Thus, certain aspects may comprise a computer program product for performing the operations presented herein. For example, such a computer program product may comprise a computer-readable medium having instructions stored (and/or encoded) thereon, the instructions being executable by one or more processors to perform the operations described herein. For certain aspects, the computer program product may include packaging material.

Further, it should be appreciated that modules and/or other appropriate means for performing the methods and techniques described herein can be downloaded and/or otherwise obtained by a user terminal and/or base station as applicable. For example, such a device can be coupled to a server to facilitate the transfer of means for performing the methods described herein. Alternatively, various methods described herein can be provided via storage means (e.g., RAM, ROM, a physical storage medium such as a compact disc (CD) or floppy disk, etc.), such that a user terminal and/or base station can obtain the various methods upon coupling or providing the storage means to the device. Moreover, any other suitable technique for providing the methods and techniques described herein to a device can be utilized.

It is to be understood that the claims are not limited to the precise configuration and components illustrated above.
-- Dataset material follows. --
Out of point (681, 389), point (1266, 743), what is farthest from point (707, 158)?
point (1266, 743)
Various modifications, changes, and variations may be made in the arrangement, operation, and details of the methods and apparatus described above without departing from the scope of the claims.

Claims

1. A method for providing a behavior system to an agent, comprising:

transmitting, to the agent, the behavior system for controlling a behavior of the agent;

receiving, from the agent, a message comprising sub-sampled sensor data and classification data corresponding to an object of interest identified from sensor data of the agent;

adjusting one or more parameters of the behavior system based on the received message; and

transmitting the one or more adjusted parameters to the agent, such that the at least one behavior of the agent is adjusted.
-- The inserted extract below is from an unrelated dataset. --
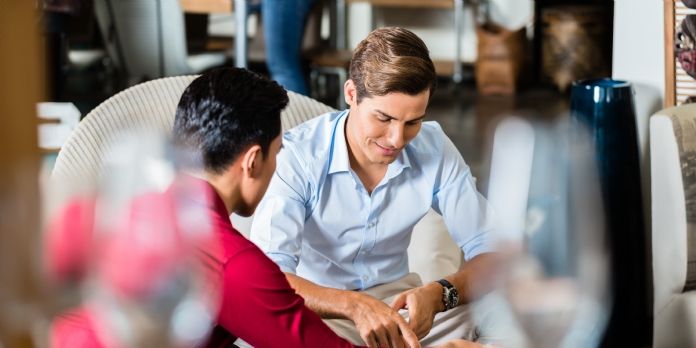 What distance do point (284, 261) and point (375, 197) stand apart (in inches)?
10.2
2. The method of claim 1, in which:

the classification data is based on features extracted from the sensor data; and

the classification data comprises a label and a bounding box.

3. The method of claim 1, in which the sub-sampled sensor data comprises at least one of compressed sensor data, reduced frame rate sensor data, filtered sensor data, or a combination thereof.

4. The method of claim 1, further comprising receiving the sub-sampled sensor data and the classification data via a wireless network while the agent is active.

5. The method of claim 1, further comprising:

reviewing the sub-sampled sensor data and the classification data;

determining an accuracy of the classification data is less than an accuracy threshold based on the review of the sub-sampled sensor data and the classification data; and

adjusting the one or more parameters when the accuracy is less than the accuracy threshold.

6. The method of claim 1, in which adjusting the one or more parameters of the behavior system comprises at least one of re-training an object classification model of the behavior system, rolling back software of the behavior system, upgrading software of the behavior system, or a combination thereof.

7. The method of claim 1, in which:

the behavior comprises planning a route for the agent or adjusting a planned route of the agent; and

the agent comprises an autonomous vehicle.

8. An apparatus for adjusting a behavior system of an agent, comprising:

a processor;

a memory coupled with the processor; and

instructions stored in the memory and operable, when executed by the processor, to cause the apparatus: to transmit, to the agent, the behavior system for controlling a behavior of the agent; to receive, from the agent, a message comprising sub-sampled sensor data and classification data corresponding to an object of interest identified from sensor data of the agent; to adjust one or more parameters of the behavior system based on the received message; and to transmit the one or more adjusted parameters to the agent, such that the behavior of the agent is adjusted.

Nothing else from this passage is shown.